And how did she come to be in the movie?
You know, that part is so...
It's just such a balancing act.
You need somebody who can be completely abulient and spunky and disarming and kind of inviting in a repulsive way.
And that's a tough one who also has like a lethal, old reptilian core that is readily accessible.
And, you know, you watch Amy in Field of Dreams and you get, you get side A.
and then you watch her in like Gone Baby Gone or Carnival and you get Side B.
And it's like, and so I met with her again in Malibu.
I guess everyone's in fucking Malibu.
I drove out and had lunch with her at this restaurant and I was driving out there.
And I kind of knew I was like, God, Amy is, I just knew like she was going to be right for
this part.
But I have a habit of like offering people roles very impulsively.
And I was like, don't offer her the part, Zach.
Like, you know, leave the lunch.
tell her you're still in the process and you know you'll get back to her like you know be cool and
dude i'm telling you before the lunch hit the table i was like only you could play this part you
have to play this part you know because she just sitting there and looking at her and kind of
just studying her i was just like this is it like this is the person like she has everything i need
and she's so cool and she liked the role and she got it and i was just like there's nobody else
so i just lucked out you know that that's a hard role you write it and you're like i hope there's a
human being that can do this and then
you get Amy Madigan and you're like, thank you
God. You can see the movie going
belly up if it's the wrong person because
could you imagine? Yeah, yeah.
I think and that's kind of related to what
I assume you're hearing a little bit of the feedback
on and the movie is really interesting because
the mystery of it and the fact
that Josh's section is very much like
a detective story. You've got a like a
cop on the case. There are all of these elements
that are very
Finchirian thriller through the first
hour or so. And then it does, it does
take a hard, hard turn into
metaphysical, supernatural
horror movie stuff.
And it feels like, I'm curious if you feel like you are
intentionally wrong footing the audience with the exception
of a handful of the scares, and maybe that's what
some of the reaction you're getting, because the
conclusion of the movie is like absolute thrill a minute
ripping the cushion out of your movie theater
seat.
But you have to get on board with the big choice you make to
explain what is going on.
I didn't set out to wrong foot the audience.
I just wrote the movie that just felt like what the movie wanted to be.
So I'm not doing it on purpose.
I'm aware that Barbarian is a very divisive movie.
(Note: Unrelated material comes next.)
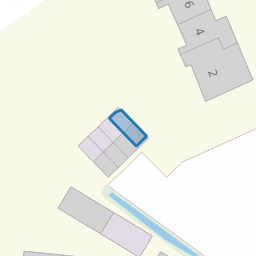 Perceel DVR00-H-1468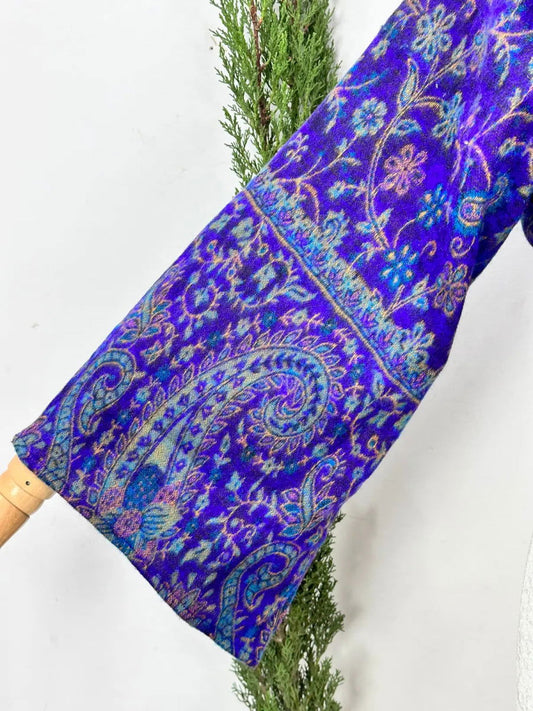 #tag1# - #tag2# - #tag3# - #tag4#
And I think that the main criticism that I hear again and again is like, you know,
first half great, second half stupid, you know, I didn't sign up for that.
That was my review.
Yeah.
Yeah, I heard you.
So I think I am sensitive to that
But I also am like
You know, whatever
Look, all I want to do is write my favorite movie
And make my favorite movie
And this is what I like
So, you know, I can't
I can't really care about anything other than
What am I going to sleep soundly having made?
So I don't know, this is it
I have a bad habit as a movie dork
Of telling people what movies they should watch
After they've seen a new movie, you know, like, oh
I like pulling from this
I think that's really, that's fun
do you have what do you say
well for this one I you know
I'll pull on my list if you want there's like a bunch
yeah dude do it do it do it okay
I'll throw out the ones that I would
I would lob out there and they're so obvious
they're the lowest hanging fruit and it's like
not creative that I would say
magnolia hereditary
prisoners
picnic at hanging rock
the son of Saul
just visually
and you know Pulp Fiction I never thought about
Pulp Fiction. Then everybody is saying, it's got a lot of Pulp Fiction. I'm like, you know what,
I would be the biggest liar in the world if I didn't say Pulp Fiction changed my life when it came
out. So that's got to be baked in there. And then I heard you say this because people were
telling me to listen to your bidding episode, which I did. And when you said the Needful Things
trailer, I was like, dude, that is in there because I had the same feelings. When I saw the
Needful Things commercial on TV, I was like, that's the movie for me. I am all in. And the
imagination, the movie I imagined
was not the movie I got
but the movie I imagined. But the movie I imagined when I saw that
trailer was just like a very special
movie. And so maybe that
the promise of that trailer
seared something into me that I
always wanted. And I think
it could be some
sort of subconscious, you know, aim
toward that. That's a good one. I mean, I had a few of those
movies on the list, obviously. Magnolia for sure because people, the
trades have just been pushing the magnolia but
And that came from me, by the way, they asked me, like,
how would you like us to describe this tonally in the trades?
And I said hereditary meets magnolia.
So I'm culpable of that.
That's interesting because I do feel like there is certainly the multi-character kind of some of the convergence of magnolia.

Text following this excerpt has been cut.